→ **Directions for this task**:
From the material below, copy exactly the lines beginning with the one that contains "Mall Access Exclusive" and ending with the one that contains "purple grapes, vibrant"; the pictures stay out.

START Records for this exercise

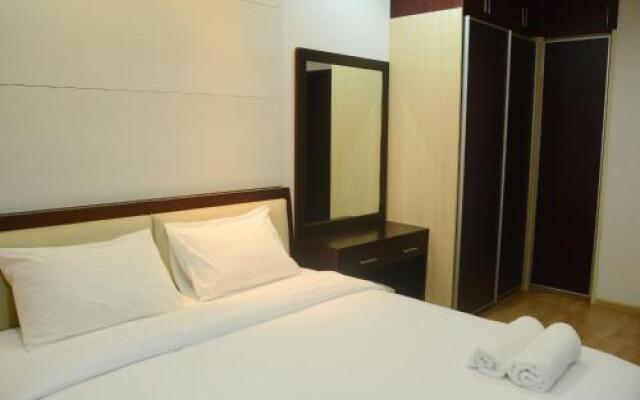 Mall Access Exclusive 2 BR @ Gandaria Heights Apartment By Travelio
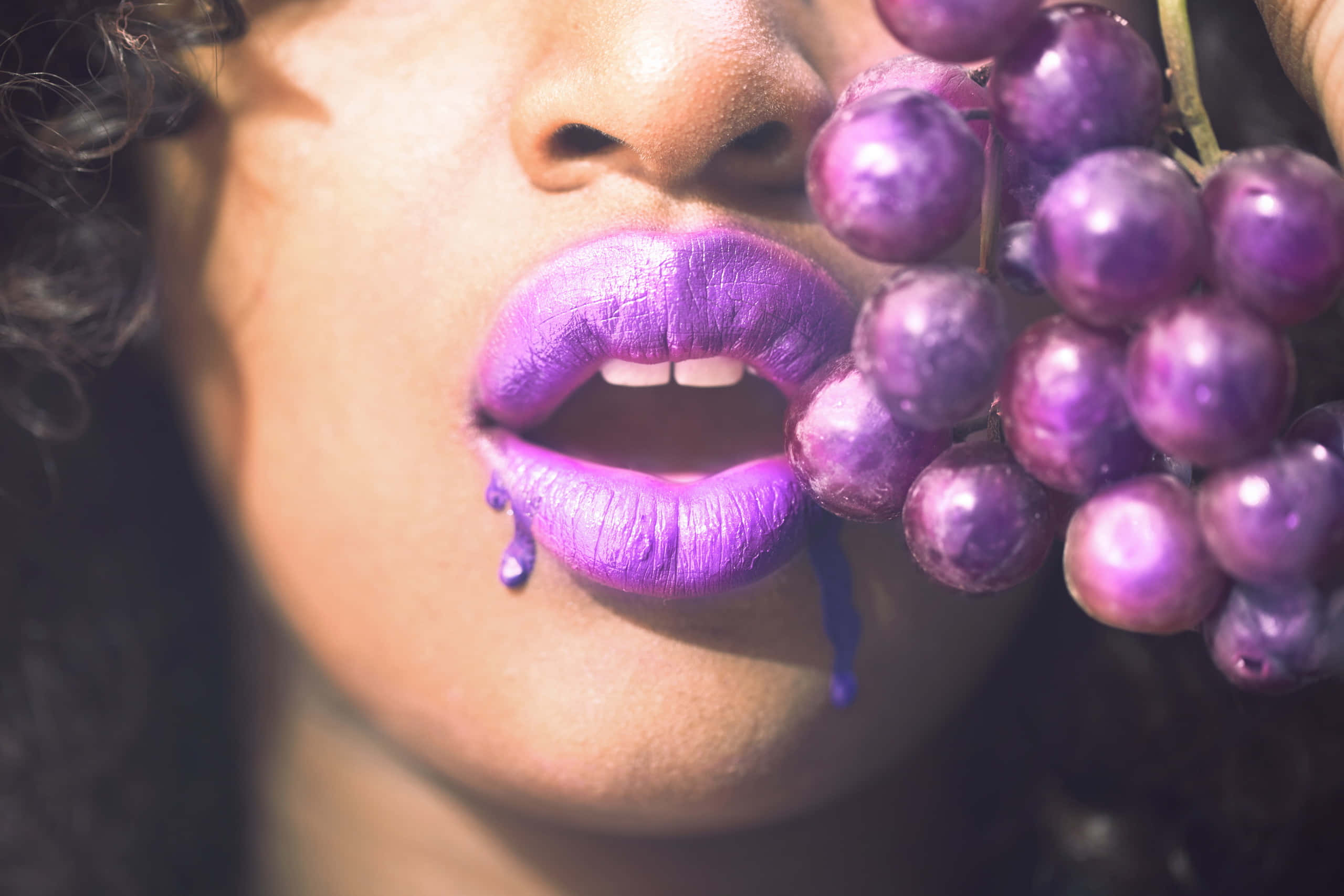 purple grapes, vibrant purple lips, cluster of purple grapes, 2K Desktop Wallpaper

END Records for this exercise
START Records for this exercise

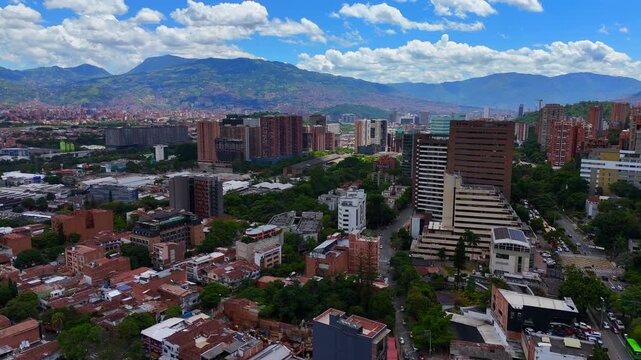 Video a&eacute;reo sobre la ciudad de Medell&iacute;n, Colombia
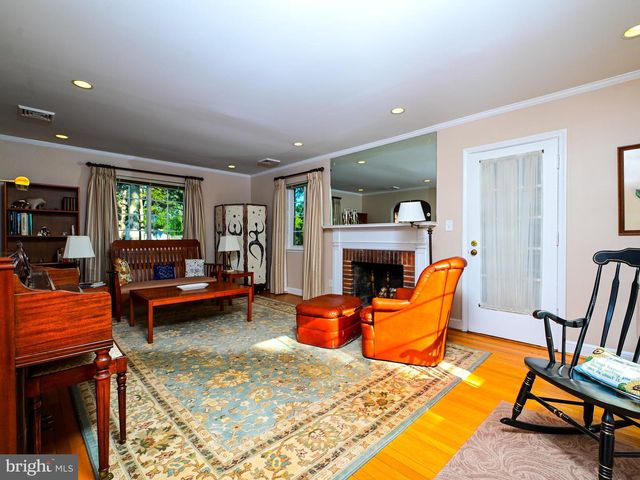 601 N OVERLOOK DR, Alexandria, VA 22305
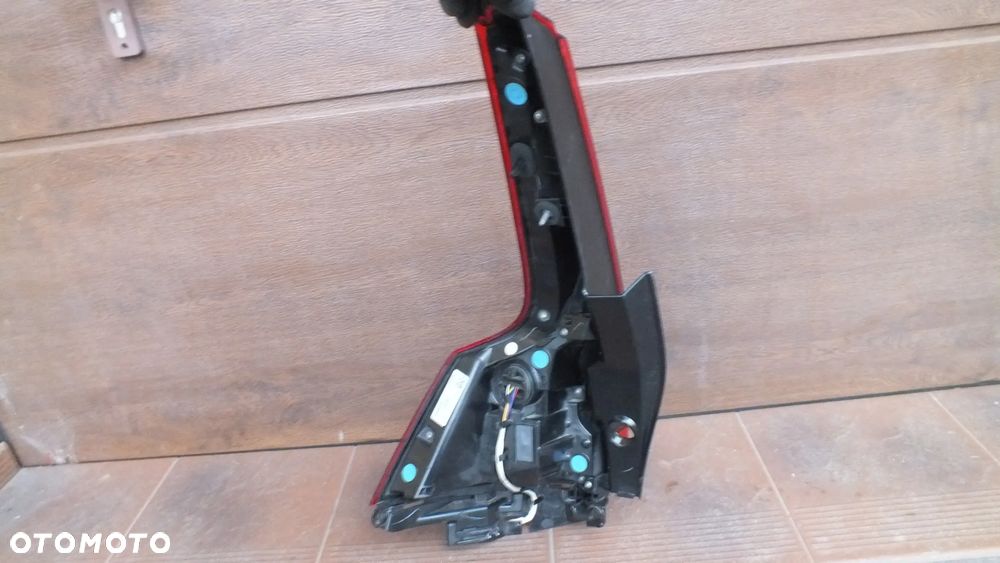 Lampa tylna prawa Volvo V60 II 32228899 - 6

END Records for this exercise

→ **Solution**:
 Mall Access Exclusive 2 BR @ Gandaria Heights Apartment By Travelio
 purple grapes, vibrant purple lips, cluster of purple grapes, 2K Desktop Wallpaper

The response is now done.